“Book publishing, one of the world’s signal achievements, is predicated upon diversity: the diversity of tastes and backgrounds, of editors taking chances on undiscovered writers and promoting them alongside marquee authors. The dominance of this special industry by any single company will overly determine its cultural output and, within only a handful of years, erode its prized diversity. This diversity is why readers turn to books in the first place.”
(New York Times, Michael Fine, publisher)
Earlier today, I read two rather excellent commentaries on the ongoing U.S. Department of Justice’s price-fixing lawsuit against e-book publishers.
In the first, a New York Times Sunday Dialogue entitled “Books in the Digital Age”, New York Times readers debate the ability of publishers to react to the market presence of Amazon, impacts on consumers as a result of the publishers’ alleged price-fixing activities, e-book and conventional book pricing and consumer choice.

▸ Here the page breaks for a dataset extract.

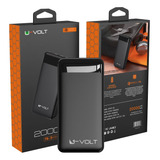 Power Bank Batería Portátil U-volt 20000mah Carga Rápida 18w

In the second, Ariel Katz compares the current case to the industry-wide book publisher cartel a century ago and Bobbs-Merrill v. Straus case, in which the U.S. Supreme Court established the first-sale doctrine. In his rather fine comparative note, Ariel Katz discusses the ongoing e-book price-fixing case, the earlier turn of the 20th century book publisher cartel, historical efforts by publishers to counteract retailers’ discounting and the role of intellectual property rights in the facilitation of publisher related cartels.